Sometimes You Have to Go Sideways

By Barbara Ellman

As genealogists, we are taught to start with what you know and work backwards — which works well until you back your way into a brick wall. Then, going only backwards can limit what we can do to find the missing piece of the puzzle. Sometimes, we have to think out of the genealogy box — going around the brick wall instead of through it.

Go-Sideways-Article-GraphicFor some time, I had been searching for information regarding the children of a distant female cousin. I knew that the cousin had been married for 17 years before getting divorced and I even had the record of the ex-spouse’s second marriage. But I hit a brick wall finding any indication of any children born of this first marriage.

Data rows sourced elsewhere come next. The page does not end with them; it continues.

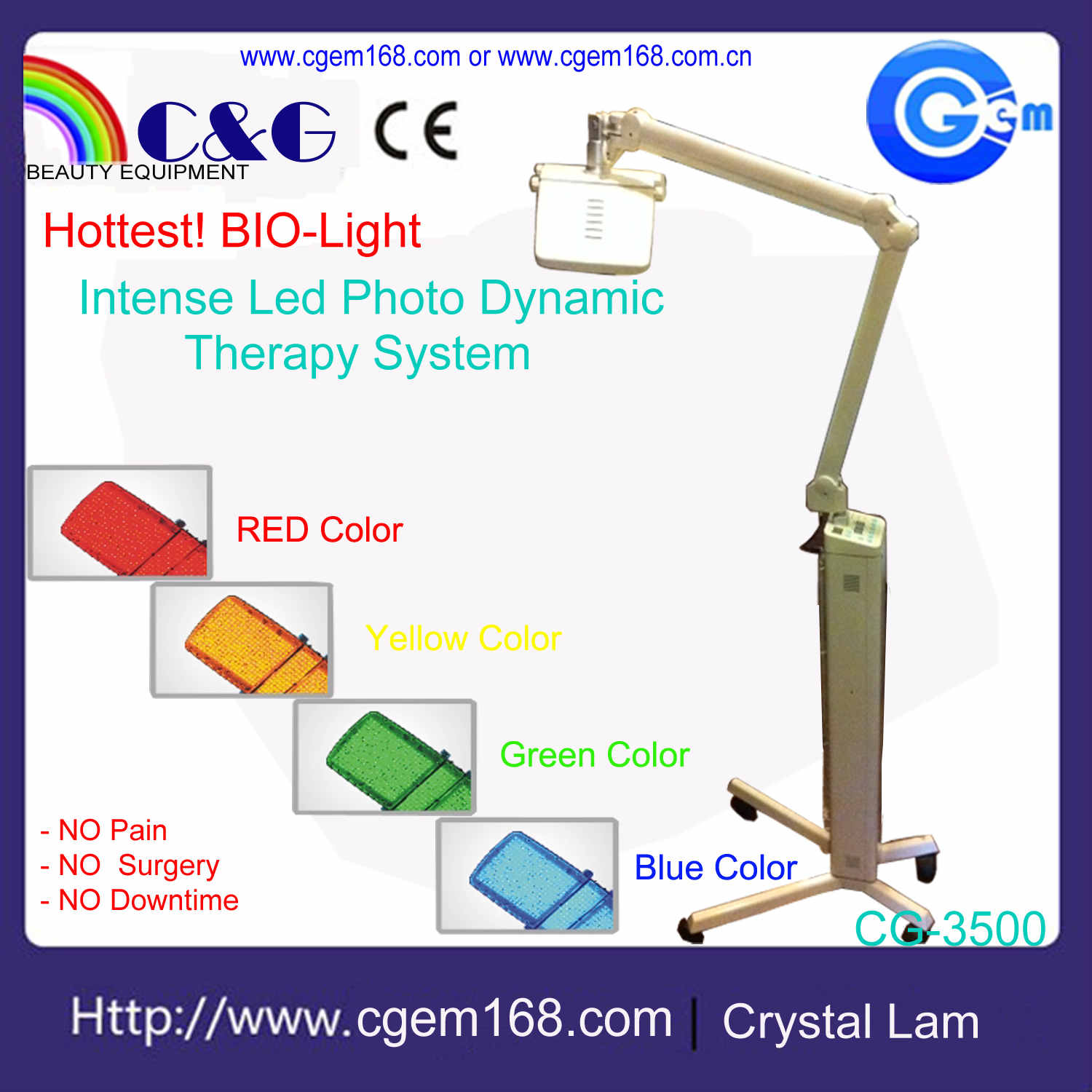 CG-3500 4 color PDT led light therapy machine with CE
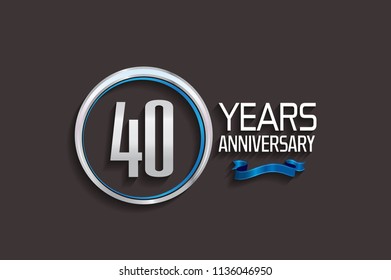 40 years anniversary logotype style design with luxury silver color and blue ribbon for company event celebration
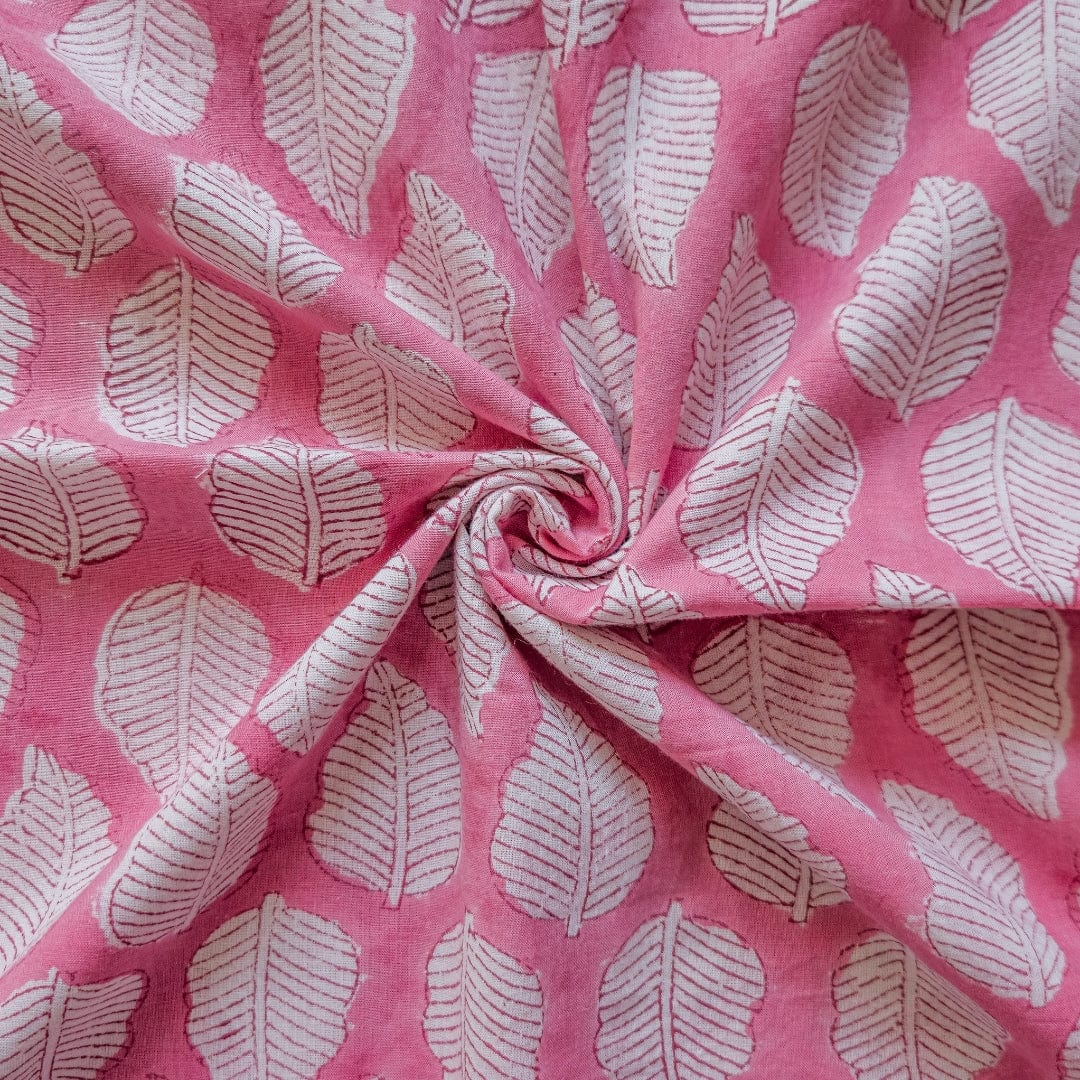 Hand Block Printed Cotton Fabric Cut Piece (CUT PIECE) Pink & White Autumn Leaf Hand Block Printed Pure Cotton Fabric (Width 42 Inches)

Normally, I wouldn’t seek out information about the family of someone who married into my family, as my research is not normally focused on the family of extended family. But from a newspaper article about the couple’s wedding, I knew the names of the ex-spouse’s parents and decided to pursue a sideways approach to the research. I went in search of an obituary for the ex-spouse’s parents, and there it was — an obit for the father listing the names of his four grandchildren from his two sons. Now, I was part way there. But which children, if any of these four, were the children of my cousin’s first marriage?

Using Google, I searched again on both the ex-spouse’s father’s and mother’s names. This time, I discovered a small posting in the couple’s religious affiliation’s newsletter which wished the grandparents ‘good luck’ on the birth of a grandson to the ex-spouse and his (second) wife — and, it named the infant’s brothers! Through two separate announcements congratulating the grandparents, I was able to place names to all four grandchildren and discern which children belonged to my cousin and her ex-husband.

In another brick wall situation, I was trying to determine the town in Europe from which my relative had migrated to the US. The ship’s records and the person’s naturalization record only showed the gubernia (Ukrainian province) in which they had lived and no specific town or village. Using a sideways approach, I searched  the census and discovered that my relative lived near his maternal relatives. I then searched several of these maternal relatives’ naturalization records — which included a town of birth! With a town name in hand, I then searched the vital records for the town named in these naturalization records and it led me to some of the records for the person I was researching. Eureka!

If I had pursued just the linear path to the records, the records directly connected to the relative I was searching, I’d still be staring at my brick wall. Since then, my motto has become “Take a step back and think sideways”!